L’avalanche n’est pas qu’un élément dramatique. Elle oblige Fanny à ralentir. À ne plus fuir dans l’action. À se confronter à ce qu’elle ressent.

La rencontre qu’elle fait à la Marmotière n’a rien de spectaculaire. Elle se construit dans les regards, les conversations, les silences partagés. Et c’est précisément ce qui la rend crédible.

On sent les hésitations de Fanny. Son mouvement d’approche, puis de recul. Sa peur de souffrir à nouveau. Sa peur, aussi, d’être heureuse.

Fanny : une héroïne profondément humaine

Fanny n’est ni parfaite ni héroïque au sens classique du terme. Elle est fatiguée. Parfois dépassée. Souvent courageuse sans même s’en rendre compte.

Son métier d’aide-soignante n’est pas anodin dans le récit. Il dit quelque chose de sa personnalité : elle prend soin des autres, parfois au détriment d’elle-même.

Son évolution au fil des pages est subtile. Ce voyage, qui commence comme l’accomplissement d’une promesse, devient un chemin intérieur.

Mon avis personnel

J’ai beaucoup aimé cette lecture.

Peut-être parce que je l’ai lue dans ces moments où le sommeil ne vient pas et où l’on est plus vulnérable. Peut-être parce que le thème de la seconde chance me touche particulièrement quand il est traité sans excès.
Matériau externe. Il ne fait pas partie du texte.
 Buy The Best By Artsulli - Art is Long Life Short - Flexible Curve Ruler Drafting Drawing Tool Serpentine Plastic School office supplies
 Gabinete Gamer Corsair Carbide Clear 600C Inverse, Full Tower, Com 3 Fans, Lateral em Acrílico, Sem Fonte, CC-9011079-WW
J’ai aimé que l’histoire ne cherche pas à être spectaculaire. Elle est sincère. Elle parle de choses simples et pourtant immenses : la fidélité, la peur d’avancer, la possibilité d’être heureuse.
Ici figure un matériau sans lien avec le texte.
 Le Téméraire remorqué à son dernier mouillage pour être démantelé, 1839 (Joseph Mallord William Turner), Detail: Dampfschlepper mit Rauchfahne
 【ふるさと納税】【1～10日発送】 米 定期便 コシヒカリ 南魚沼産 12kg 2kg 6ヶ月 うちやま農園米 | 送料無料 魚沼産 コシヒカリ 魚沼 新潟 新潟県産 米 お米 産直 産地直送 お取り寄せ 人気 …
Ce roman m’a touchée par sa justesse. Ce n’est pas un roman spectaculaire. C’est un roman sincère. Et parfois, c’est exactement ce dont on a besoin.

Pourquoi lire « Une histoire d’amour sans caribou » ?

  • Pour une histoire d’amour touchante
  • Pour un huis clos en montagne qui fait évoluer les personnages
  • Pour un roman à la fois tendre et profond
  • Pour une lecture réconfortante, idéale quand on a besoin de douceur

En résumé

« Une histoire d’amour sans caribou » de Charlie Wat est avant tout l’histoire d’une femme qui apprend à ne plus survivre, mais à vivre de nouveau.

Un roman délicat sur la possibilité d’aimer après la perte.

Et sur le courage qu’il faut pour s’autoriser le bonheur.

Quant au caribou du titre, je vous laisse découvrir durant la lecture ce dont il s’agit.

Si vous cherchez un roman capable de réchauffer le cœur et de rappeler l’importance de se consacrer à ceux que l’on aime, « Une histoire d’amour sans caribou » est exactement ce qu’il vous faut.